The entire media and entertainment sector in India is worth $15 billion. “Today, at $15 billion as an industry, we are about half the size of Google – a 10-year-old company ($26 billion revenues)”, says Star India’s CEO, Uday Shankar.
However, what should draw special attention is the domination of the Indian TV market by western media players. Except the news genre, western players dominate general entertainment channels (GECs), sports, children’s networks, business, movies, and music genres.
The most lucrative – and costly – segment in the TV medium is general entertainment. Costly because producing entertainment content is expensive, and lucrative because GECs draw the biggest share of audiences – hence, advertising. GECs (Hindi as well as regional) account for 50 percent of the total viewership, while 65-75 percent of Hindi and regional audiences. Among the top four GEC channels, one finds Zee TV as the only Indian player. Even Zee network was initially launched in collaboration with Rupert Murdoch’s News Corporation. The other three are Star Plus (News Corporation), Sony and Colours (Viacom).

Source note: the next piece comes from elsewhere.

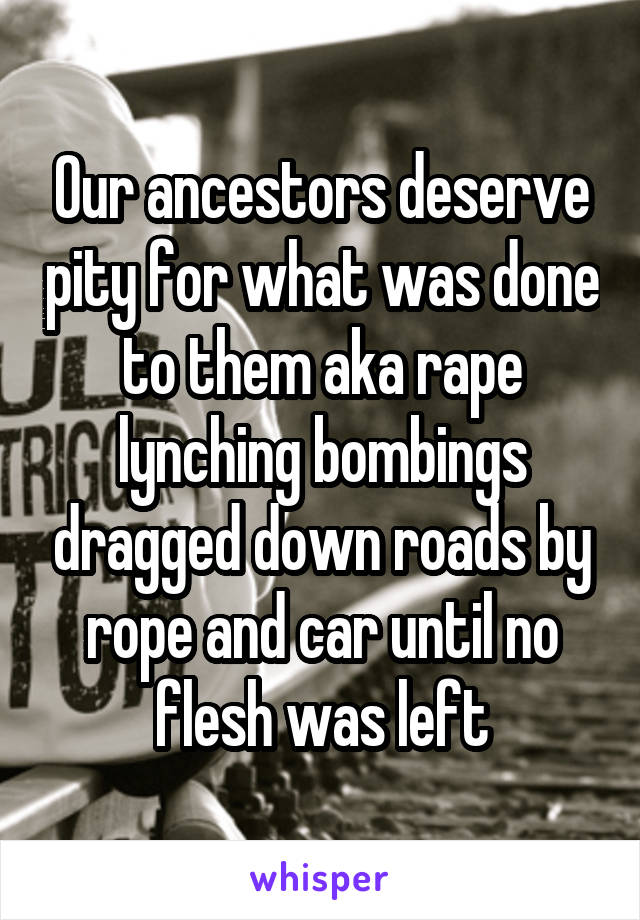 Our ancestors deserve pity for what was done to them aka rape lynching bombings dragged down roads by rope and car until no flesh was left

A report issued earlier this year describes the absolute domination of the US-based trio – Star, Sony, and Colours (Viacom) – in the GEC sphere. Among the top 10 popular fiction programmes in 2012, nine were run by the trio while only one by Zee. Among the top 10 non-fiction top-rated programmes in 2012, seven were aired by the trio, two by Zee TV and one by MTV (Viacom).
Likewise, one finds the same pattern in the top 10 fiction and non-fiction launches in 2012. Also, most of the top-rated content is copy-righted western format – such as Big Brother.
News Corporation and Viacom also dominate the movie channels. They have, in fact, collaborated. Viacom syndicated its library of 500 films to Star India in 2012. And in 2012, Star Network invested INR3 billion on movie acquisition.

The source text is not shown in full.